In early June, a few of my friends and I travelled down to Montgomery, AL for our friend’s wedding. The wedding was beautiful, Montgomery was amazing, and the food was delicious all around. The wedding was on Saturday, so everyone in our friend group booked tickets home for Sunday, except for me and one other friend. Because virtually everyone we knew in Montgomery was suddenly gone, we found ourselves asking the question, “What’s there to do on Sundays in Montgomery?” Apparently, the answer is “an epic quest to discover a restaurant that’s not closed.”
After finding almost everything closed down, my friend and I found a hole-in-the-wall bar which was anything but. The beautifully-decorated inside was matched by the drink offerings. Trappist beer on tap, a wonderful selection of Scotch, and Tabitha, the bartender, who could whip up a cocktail in her sleep. Because it was a Sunday night and we were in Montgomery, my friend and I were the majority of her clientele and she was clearly bored, so we talked for a while about Game of Thrones, the particularities of life in Alabama, and finally, about religion.
At this point, Tabitha shared how she had been born to an Independent Fundamentalist King-James-Only Baptist family. She told us about her strict upbringing, the various times she was strictly punished for menial things, and the first time she took a sip of alcohol—long after she had stopped any association with her parents’ church—and how afraid she was that God would strike her down where she stood. I sheepishly tried to console her by saying that God calls wine His gift to gladden the heart of man (Ps. 104:15) and for once my own inadequacy was immediately apparent.

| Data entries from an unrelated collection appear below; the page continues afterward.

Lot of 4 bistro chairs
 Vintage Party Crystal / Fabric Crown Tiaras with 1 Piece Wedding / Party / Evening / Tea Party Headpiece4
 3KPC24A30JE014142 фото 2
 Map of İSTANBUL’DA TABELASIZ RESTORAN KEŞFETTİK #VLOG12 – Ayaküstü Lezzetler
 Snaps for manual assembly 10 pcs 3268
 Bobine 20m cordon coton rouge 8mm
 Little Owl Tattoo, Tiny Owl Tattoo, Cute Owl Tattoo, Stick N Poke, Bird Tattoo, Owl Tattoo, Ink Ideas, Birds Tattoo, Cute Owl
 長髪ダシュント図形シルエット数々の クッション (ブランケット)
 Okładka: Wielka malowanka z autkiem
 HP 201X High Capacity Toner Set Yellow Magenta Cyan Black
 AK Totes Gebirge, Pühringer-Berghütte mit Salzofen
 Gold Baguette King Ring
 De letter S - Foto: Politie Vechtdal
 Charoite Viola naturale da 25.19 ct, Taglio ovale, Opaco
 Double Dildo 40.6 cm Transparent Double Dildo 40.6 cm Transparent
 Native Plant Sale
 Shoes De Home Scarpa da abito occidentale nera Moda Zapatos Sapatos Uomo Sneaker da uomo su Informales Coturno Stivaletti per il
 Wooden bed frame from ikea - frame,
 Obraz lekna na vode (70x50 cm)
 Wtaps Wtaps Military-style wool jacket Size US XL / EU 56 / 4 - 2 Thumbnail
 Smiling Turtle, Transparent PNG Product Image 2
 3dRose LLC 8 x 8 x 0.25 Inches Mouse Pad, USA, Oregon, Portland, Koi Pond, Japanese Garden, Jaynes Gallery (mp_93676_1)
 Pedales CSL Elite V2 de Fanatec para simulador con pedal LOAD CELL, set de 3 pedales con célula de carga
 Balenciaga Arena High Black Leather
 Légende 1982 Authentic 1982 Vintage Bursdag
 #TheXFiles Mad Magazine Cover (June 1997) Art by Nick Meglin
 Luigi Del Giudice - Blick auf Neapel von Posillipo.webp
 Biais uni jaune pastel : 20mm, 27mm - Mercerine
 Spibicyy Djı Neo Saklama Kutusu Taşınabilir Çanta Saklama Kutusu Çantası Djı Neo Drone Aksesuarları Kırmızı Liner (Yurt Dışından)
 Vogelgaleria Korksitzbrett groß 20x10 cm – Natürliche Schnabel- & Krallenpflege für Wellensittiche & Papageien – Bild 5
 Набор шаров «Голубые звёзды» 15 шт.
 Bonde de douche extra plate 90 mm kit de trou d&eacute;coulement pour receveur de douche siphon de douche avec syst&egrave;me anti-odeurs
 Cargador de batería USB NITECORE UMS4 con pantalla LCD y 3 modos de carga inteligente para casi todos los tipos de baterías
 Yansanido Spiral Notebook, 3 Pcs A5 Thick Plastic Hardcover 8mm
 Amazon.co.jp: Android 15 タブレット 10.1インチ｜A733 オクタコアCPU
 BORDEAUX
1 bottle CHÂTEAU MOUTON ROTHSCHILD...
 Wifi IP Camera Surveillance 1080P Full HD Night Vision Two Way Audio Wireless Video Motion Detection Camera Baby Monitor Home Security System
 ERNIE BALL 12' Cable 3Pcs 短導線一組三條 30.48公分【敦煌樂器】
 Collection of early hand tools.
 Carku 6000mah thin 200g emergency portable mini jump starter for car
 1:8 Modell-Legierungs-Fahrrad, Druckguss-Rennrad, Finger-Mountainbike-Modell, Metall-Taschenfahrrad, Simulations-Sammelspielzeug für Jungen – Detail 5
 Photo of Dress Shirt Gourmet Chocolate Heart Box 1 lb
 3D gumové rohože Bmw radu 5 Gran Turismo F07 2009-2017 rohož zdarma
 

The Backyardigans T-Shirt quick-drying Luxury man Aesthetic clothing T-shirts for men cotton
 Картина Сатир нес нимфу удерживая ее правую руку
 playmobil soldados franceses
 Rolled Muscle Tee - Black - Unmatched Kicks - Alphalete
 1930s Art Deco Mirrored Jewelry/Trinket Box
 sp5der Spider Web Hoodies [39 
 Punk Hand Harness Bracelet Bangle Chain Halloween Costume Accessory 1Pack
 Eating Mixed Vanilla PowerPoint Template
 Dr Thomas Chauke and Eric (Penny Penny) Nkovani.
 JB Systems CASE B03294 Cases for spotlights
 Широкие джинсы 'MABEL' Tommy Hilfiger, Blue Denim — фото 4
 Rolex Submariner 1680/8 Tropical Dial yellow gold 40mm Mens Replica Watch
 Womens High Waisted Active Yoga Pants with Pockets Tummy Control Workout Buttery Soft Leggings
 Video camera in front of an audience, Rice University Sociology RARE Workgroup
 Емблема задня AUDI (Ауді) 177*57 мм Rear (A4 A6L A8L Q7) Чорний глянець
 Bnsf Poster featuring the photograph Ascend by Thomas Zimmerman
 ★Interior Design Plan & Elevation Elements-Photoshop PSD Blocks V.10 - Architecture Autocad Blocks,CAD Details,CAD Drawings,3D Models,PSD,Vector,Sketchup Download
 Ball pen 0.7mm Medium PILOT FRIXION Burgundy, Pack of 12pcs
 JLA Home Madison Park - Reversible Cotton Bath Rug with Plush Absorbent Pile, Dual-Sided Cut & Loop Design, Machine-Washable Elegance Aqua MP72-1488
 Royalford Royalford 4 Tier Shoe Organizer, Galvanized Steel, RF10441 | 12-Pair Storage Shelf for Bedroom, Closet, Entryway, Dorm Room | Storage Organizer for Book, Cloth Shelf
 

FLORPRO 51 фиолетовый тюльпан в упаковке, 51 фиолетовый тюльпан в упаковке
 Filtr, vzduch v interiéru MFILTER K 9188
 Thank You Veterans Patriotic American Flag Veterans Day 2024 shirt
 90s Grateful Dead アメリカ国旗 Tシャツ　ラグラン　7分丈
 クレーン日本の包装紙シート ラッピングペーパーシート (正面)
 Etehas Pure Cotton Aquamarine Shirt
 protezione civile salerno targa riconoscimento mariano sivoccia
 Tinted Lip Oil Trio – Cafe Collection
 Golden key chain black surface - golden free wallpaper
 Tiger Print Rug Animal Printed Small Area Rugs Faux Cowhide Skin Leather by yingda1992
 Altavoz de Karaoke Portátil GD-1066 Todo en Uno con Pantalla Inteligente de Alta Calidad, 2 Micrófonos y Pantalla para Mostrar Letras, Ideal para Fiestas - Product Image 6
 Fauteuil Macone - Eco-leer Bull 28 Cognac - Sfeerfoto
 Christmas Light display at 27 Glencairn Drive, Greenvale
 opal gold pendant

It made me think of my own upbringing, in a fairly strict household in a strict society. Although my parents and I had plenty of disagreements as I grew up, I was always able to see that even when I thought I knew better, my parents were trying to teach me as best they could. In addition, they never tried to shove the Bible down my throat. Even “because I say so!” is better than “because the Bible says so!” especially when that’s not the case.
Growing up in the zealous Albanian Orthodox Church in the early 90’s was not an experience that everyone enjoyed, but I noticed that even when I was critiqued by people outside my immediate family, underneath the sternness was a deep joy. More importantly, I saw the whole community come together in the Liturgy, in a manner which transcended a mere gathering of people with the same interest. Being an altar server since I was about five, I remember well the Eucharistic prayers which ask God to unite everyone through the power of Christ’s Body and Blood. And that, I think, was the reason why I never felt the necessity to rebel. Rebellion against my family and my community would make about as much sense as a rebellion of my hand against my foot.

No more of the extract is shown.